Ein halblautes Klopfen an ihrer Zimmertür ließ sie erschrocken innehalten. 

Zögernd und weil es ihr beigebracht wurde, jederzeit höflich zu sein, antwortete sie: „ Ja, bitte?!" 

Die Tür öffnete sich einen Spalt und ein junges Dienstmädchen betrat den Raum: Tilda. „My Lady, bitte entschuldigen Sie die späte Störung. Ich…" Verlegen sah das Mädchen auf ihre Hände, die sie ungeschickt vor ihrem Körper hielt. Ihr Mund zitterte leicht und ihre Körperhaltung verdeutlichte die starke Anspannung, unter der sie zu stehen schien. Verwundert über das seltsame Verhalten des Dienstmädchens zog Tyra ihre Stirn in Falten. „Ihr dürft frei sprechen", sagte sie sanft. Einerseits um das Mädchen zu beruhigen, aber hauptsächlich, weil sie neugierig auf die Nachricht war. 

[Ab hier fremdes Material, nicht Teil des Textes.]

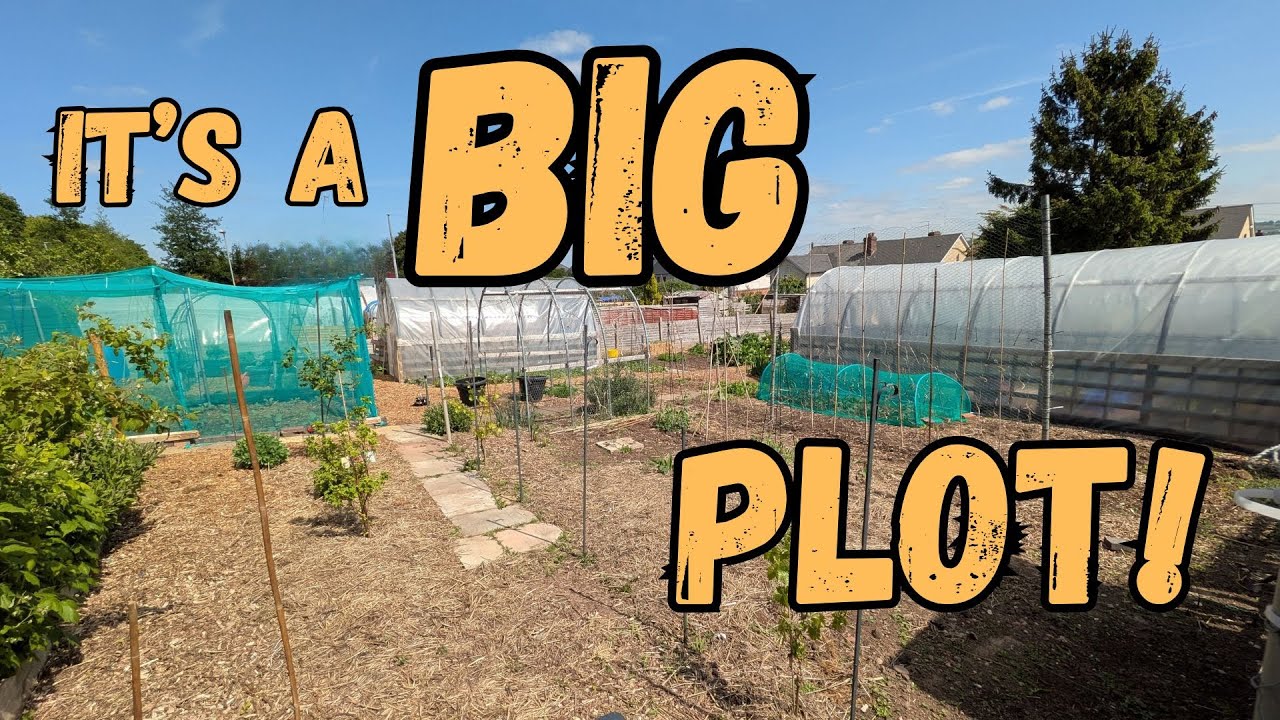 Exploring The Allotment In May. Full Growing Tour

Die Angesprochene zögerte kurz, räusperte sich und sah Tyra dann zum ersten Mal direkt an. „ Es geht um Lord Raliel, Madam. Vor etlichen Stunden hatte er einen dringenden Termin unten im Dorf... Er hätte längst zurück sein sollen. Ich denke.. Es wäre möglich, dass ihm etwas zugestoßen ist." Die Worte der jungen Frau waren so schnell aus ihrem Mund gekommen, dass Tyra Schwierigkeiten hatte, ihnen zu folgen. Noch schwieriger allerdings fand sie die Frage, wieso das Mädchen mit diesem Anliegen zu ihr gekommen war. „Ihr solltet dies besser der Königin melden, Tilda."

Durch diese Worte anscheinend noch verunsicherter als zuvor, blickte das Mädchen wieder den Boden an, ehe sie murmelnd antwortete: „Lord Raliel hat mir aufgetragen im Fall seiner.. Falls er nicht vor Sonnenuntergang zurück sein sollte... Ich soll es nur ihnen sagen, Lady Tyra.Er meinte, Sie wissen schon, was zu tun sei."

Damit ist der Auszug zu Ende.